Personal information
- Full name: Terence Michael Cordaroy
- Born: 26 May 1944 (age 82) Hampstead, London, England
- Batting: Right-handed

Domestic team information
- 1977–1979: Buckinghamshire
- 1968: Middlesex

Career statistics
| Competition | First-class | List A |
| Matches | 2 | 1 |
| Runs scored | 104 | 44 |
| Batting average | 34.66 | 44.00 |
| 100s/50s | –/1 | –/– |
| Top score | 81 | 44 |
| Balls bowled | – | – |
| Wickets | – | – |
| Bowling average | – | – |
| 5 wickets in innings | – | – |
| 10 wickets in match | – | – |
| Best bowling | – | – |
| Catches/stumpings | 1/– | –/– |
- Source: Cricinfo, 5 May 2011

= Terence Cordaroy =

English cricketer

Terence Michael Cordaroy (born 26 May 1944) is a former English cricketer.
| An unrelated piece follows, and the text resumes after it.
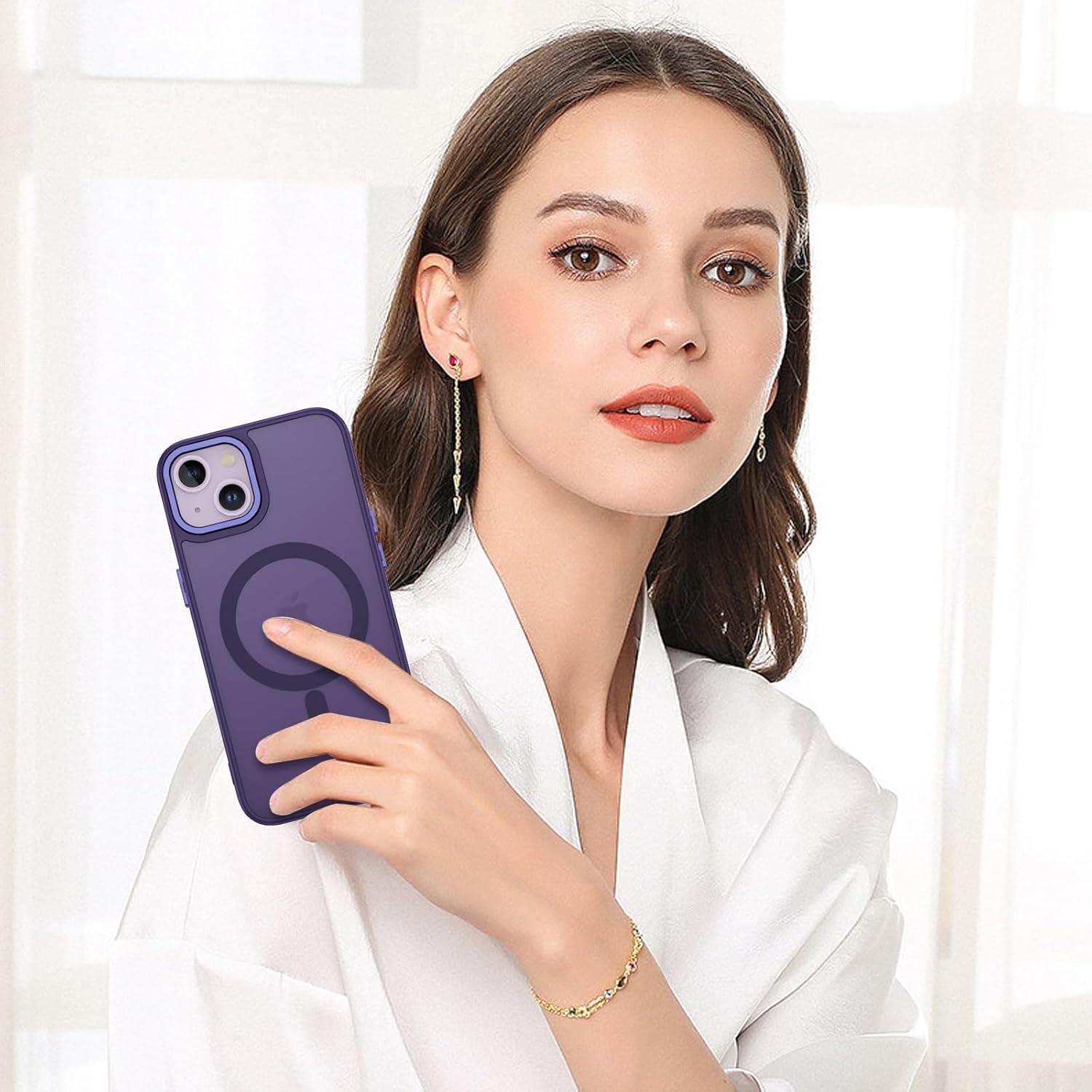 BENTOBEN Funda magnética para iPhone 13 compatible con Magsafe Funda translúcida mate para iPhone 13, delgada, a prueba de golpes, para mujeres,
Cordaroy was a right-handed batsman. He was born in Hampstead, London.

Cordaroy made his first-class debut for Middlesex in the 1968 County Championship against Leicestershire. It was on debut that he scored his only first-class half century, making 81 runs in the Middlesex first-innings. He played his second and final first-class match in that same season against Surrey. In his two first-class matches, he scored 104 runs at a batting average of 34.66.

He later joined Buckinghamshire, making his debut for the county in the 1977 Minor Counties Championship against Hertfordshire. Cordaroy played Minor counties cricket for Buckinghamshire from 1977 to 1979, which included 22 Minor Counties Championship matches. In 1979, he played in his only List A match, against Suffolk in the Gillette Cup. In this match he scored 44 runs before being run out.